> WORK TO COMPLETE: Omit all pictures, then retype exactly the lines from the one that contains "Amazon | 【axis-parts】LEDドアイルミネーションランプキット" through the end of the listing.
============
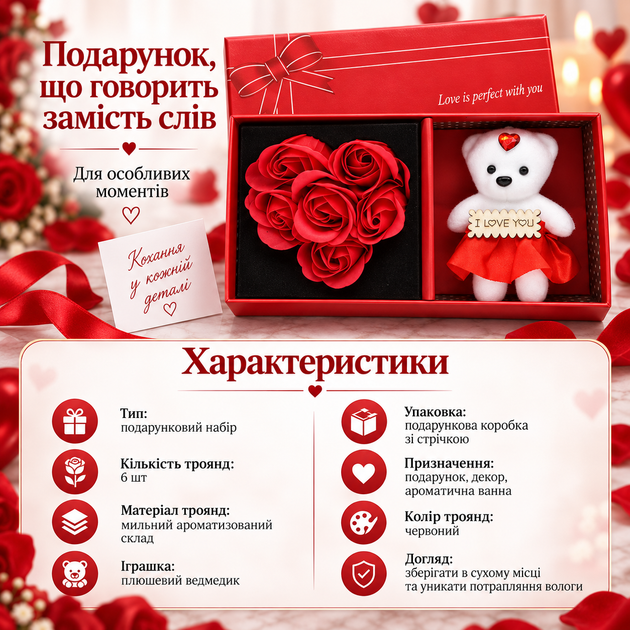 Набор роз с плюшевым мишкой подарок для любимой девушки мыльные розы романтический подарок в коробке - Фото 3 Набор роз с плюшевым мишкой подарок для любимой девушки мыльные розы романтический подарок в коробке - изображение 3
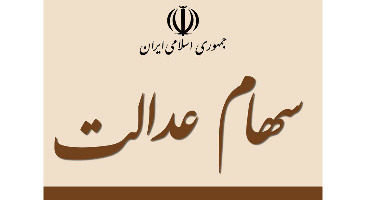 سهامداران سهام عدالت چطور متوجه افزایش سرمایه‌ها شوند؟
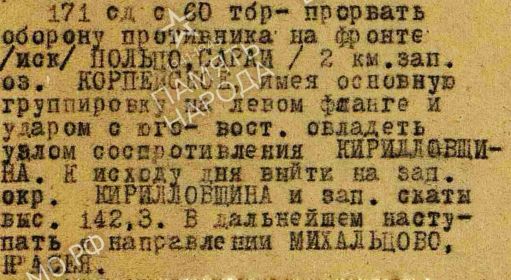 other-soldiers-files/vypiska_iz_zhbd_34a_05.05.1942g.jpg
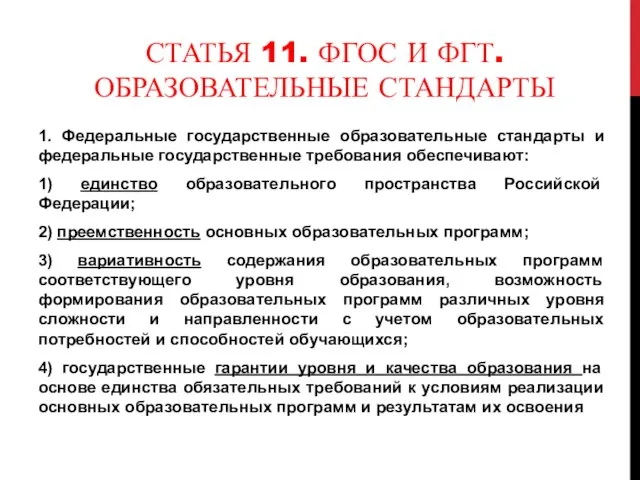 СТАТЬЯ 11. ФГОС И ФГТ. ОБРАЗОВАТЕЛЬНЫЕ СТАНДАРТЫ 1. Федеральные государственные образовательные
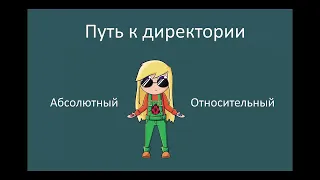 Как перемещаться внутри командной строки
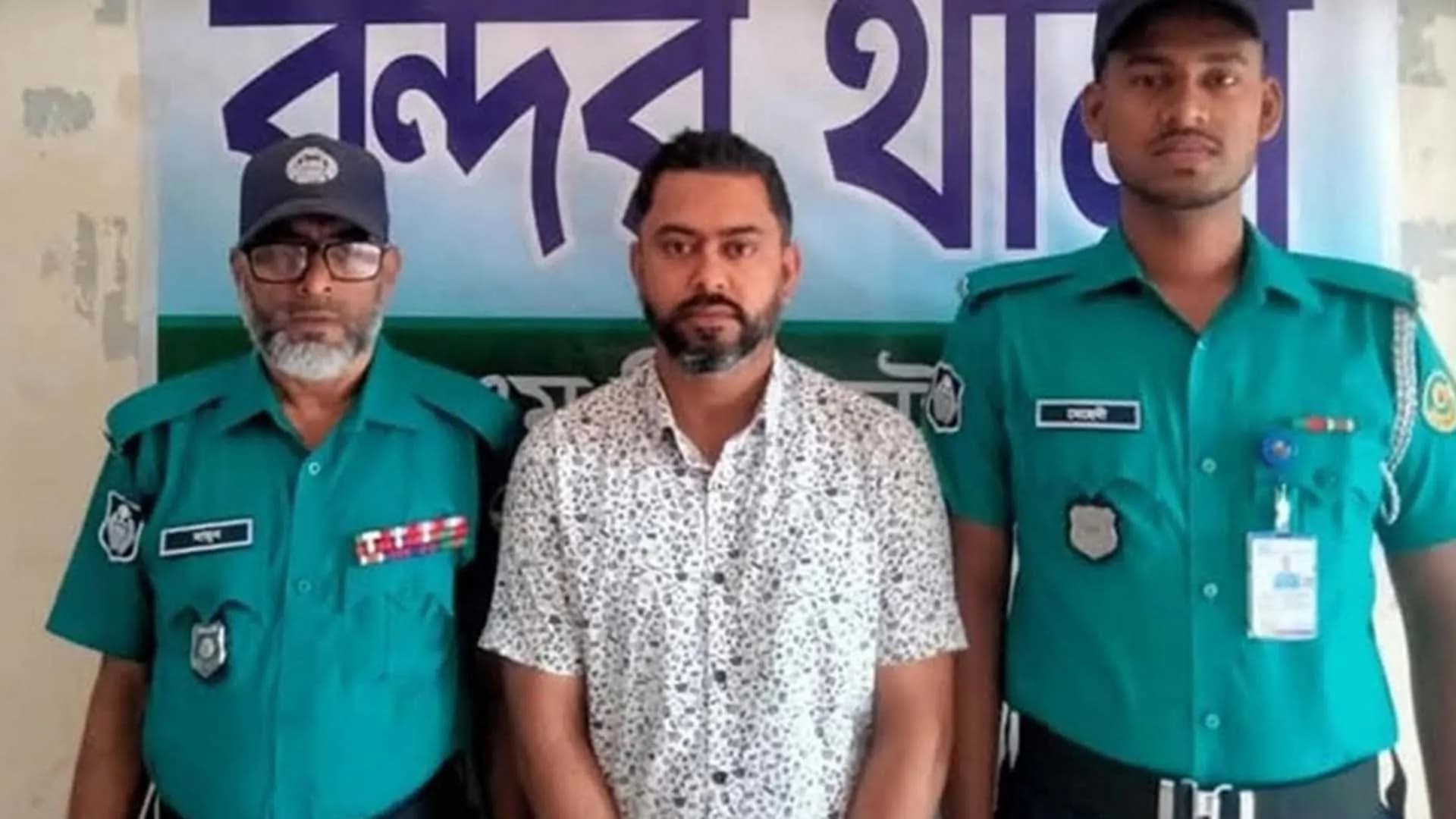 এসআইকে কোপানোর ঘটনায় নি'ষি'দ্ধ ছাত্রলীগের নেতা গ্রেপ্তার
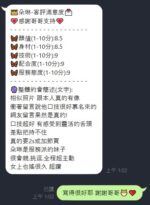 台中定點茶-朵琳/160/45/?/D
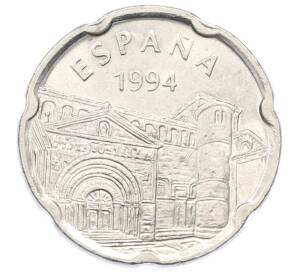 50 песет 1994 года Испания «Соборная церковь» — Фото №2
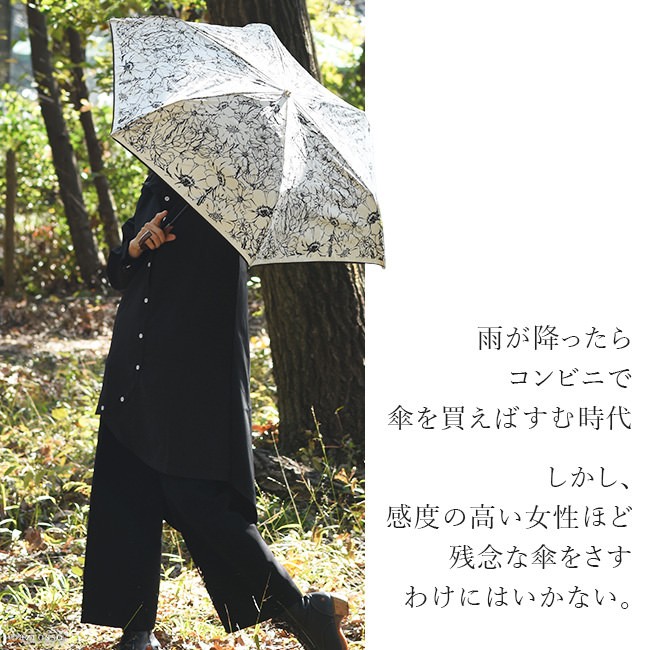 雨傘 折りたたみ傘 大きい 花柄 30代 40代 50代 人気 おすすめ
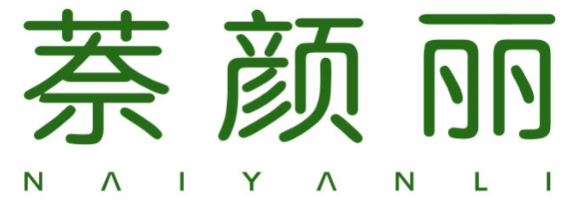 萘颜丽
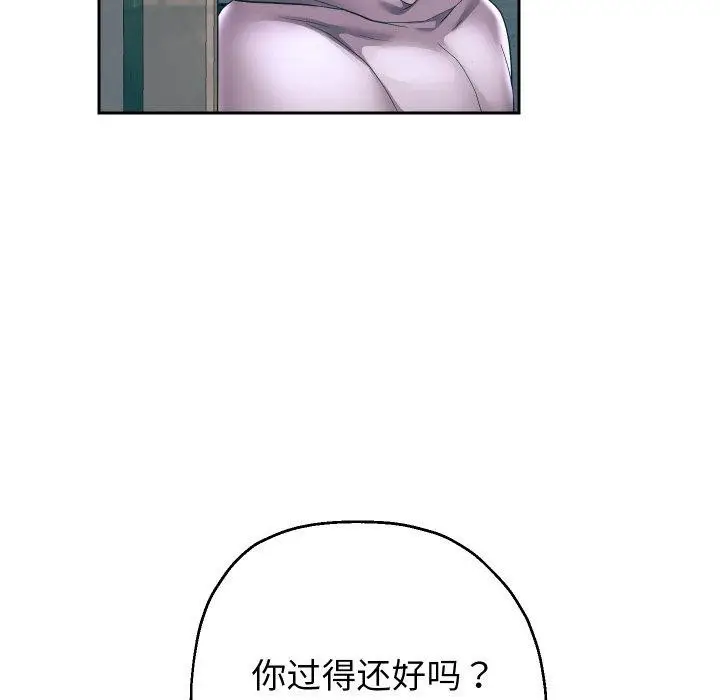 《重生之长枪无敌》第50话图24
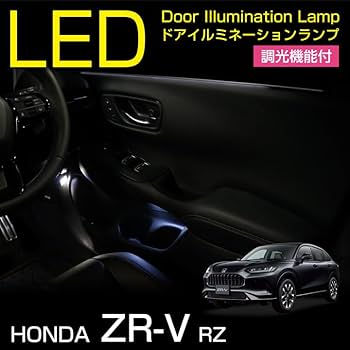 Amazon | 【axis-parts】LEDドアイルミネーションランプキット
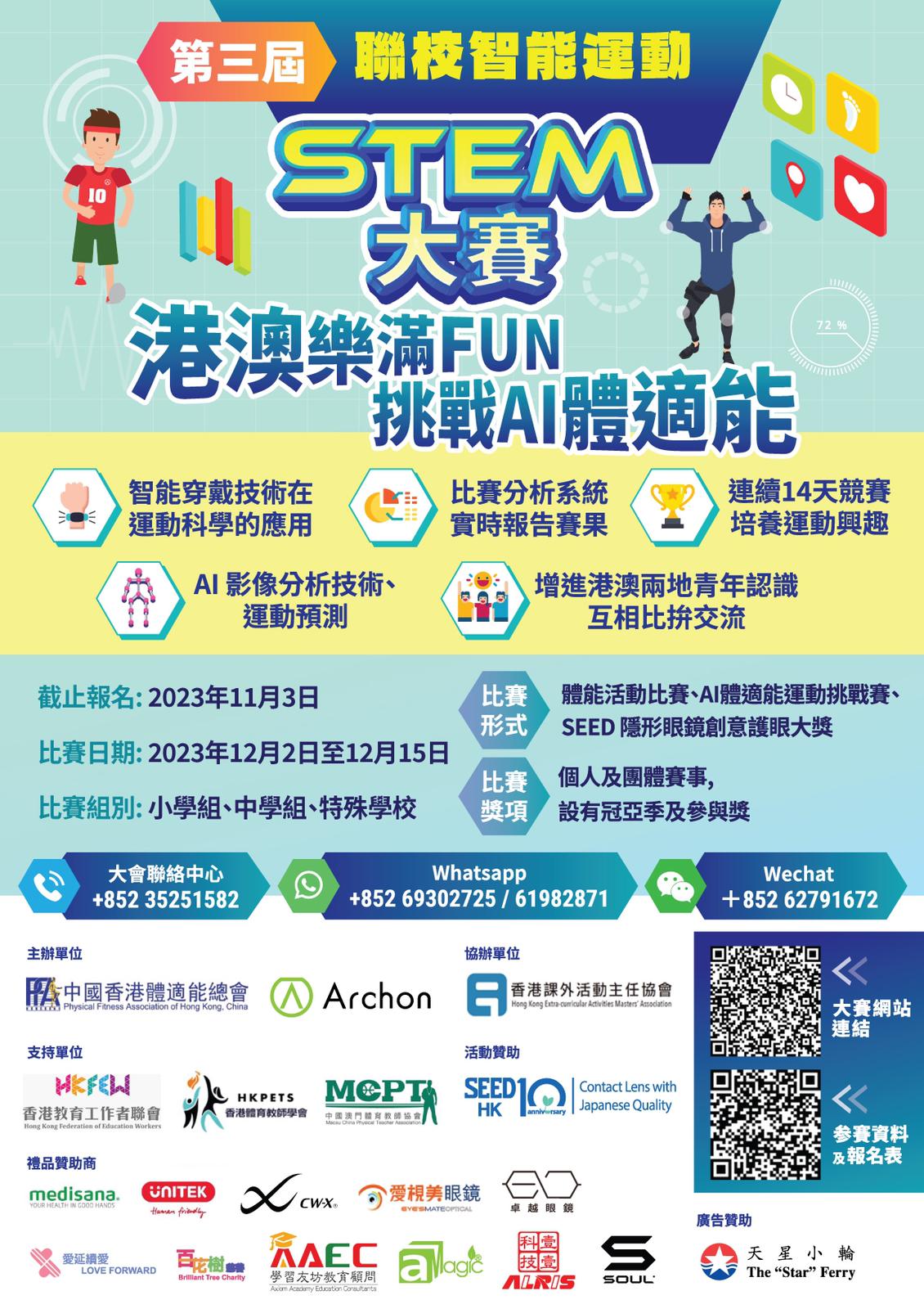 5a1b25f2 0285 4a9f b839 ac0e25906dd4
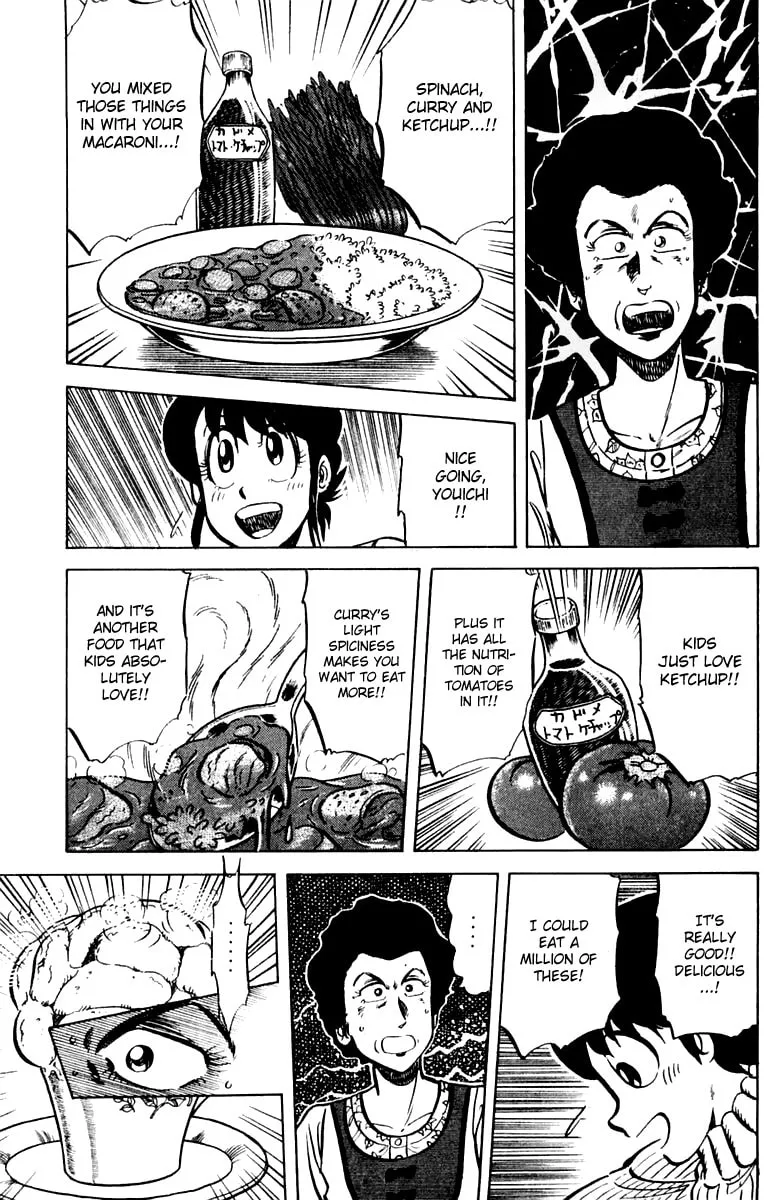 Read Mister Ajikko chapter 24 image 16 on Lezhin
============
> PROBLEM SOLUTION:
 Amazon | 【axis-parts】LEDドアイルミネーションランプキット
 5a1b25f2 0285 4a9f b839 ac0e25906dd4
 Read Mister Ajikko chapter 24 image 16 on Lezhin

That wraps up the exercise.